* **What to do**
When a line of the entries below contains "Rose", it counts once; state how many such lines there are and nothing else.

* **Input records**
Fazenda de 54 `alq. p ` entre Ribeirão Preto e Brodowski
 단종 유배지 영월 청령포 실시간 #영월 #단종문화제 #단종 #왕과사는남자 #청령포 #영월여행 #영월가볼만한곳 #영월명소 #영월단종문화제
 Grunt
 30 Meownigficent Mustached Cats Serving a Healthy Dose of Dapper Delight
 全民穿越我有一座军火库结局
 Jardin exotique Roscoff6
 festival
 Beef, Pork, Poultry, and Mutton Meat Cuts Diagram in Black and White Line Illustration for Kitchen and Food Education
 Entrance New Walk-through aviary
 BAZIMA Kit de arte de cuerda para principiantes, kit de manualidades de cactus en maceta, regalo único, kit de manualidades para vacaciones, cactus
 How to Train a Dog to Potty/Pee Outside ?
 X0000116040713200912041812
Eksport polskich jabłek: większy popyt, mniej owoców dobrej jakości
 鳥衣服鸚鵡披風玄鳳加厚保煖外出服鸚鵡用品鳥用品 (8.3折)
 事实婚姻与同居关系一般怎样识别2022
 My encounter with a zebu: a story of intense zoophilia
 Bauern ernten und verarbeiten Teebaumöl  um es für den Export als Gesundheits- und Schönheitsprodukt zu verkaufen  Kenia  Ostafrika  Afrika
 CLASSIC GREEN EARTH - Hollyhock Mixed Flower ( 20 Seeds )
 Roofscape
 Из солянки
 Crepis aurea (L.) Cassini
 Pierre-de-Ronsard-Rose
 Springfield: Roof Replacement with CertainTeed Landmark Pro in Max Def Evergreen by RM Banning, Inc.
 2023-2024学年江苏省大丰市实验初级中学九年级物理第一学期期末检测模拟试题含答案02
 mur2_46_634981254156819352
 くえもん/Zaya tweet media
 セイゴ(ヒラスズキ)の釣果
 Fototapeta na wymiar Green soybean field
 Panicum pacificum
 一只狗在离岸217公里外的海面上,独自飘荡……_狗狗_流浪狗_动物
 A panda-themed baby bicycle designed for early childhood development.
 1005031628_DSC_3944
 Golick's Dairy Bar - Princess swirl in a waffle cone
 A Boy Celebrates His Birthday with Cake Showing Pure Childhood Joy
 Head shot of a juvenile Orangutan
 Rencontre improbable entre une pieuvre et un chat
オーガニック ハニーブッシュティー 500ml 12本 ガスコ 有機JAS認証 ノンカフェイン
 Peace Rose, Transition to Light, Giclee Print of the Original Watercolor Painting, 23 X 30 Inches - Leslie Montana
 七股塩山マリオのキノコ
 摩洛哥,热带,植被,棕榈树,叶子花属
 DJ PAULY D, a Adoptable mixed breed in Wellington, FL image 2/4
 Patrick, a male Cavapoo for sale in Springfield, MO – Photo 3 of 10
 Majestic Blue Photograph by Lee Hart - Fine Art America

* **The answer**
2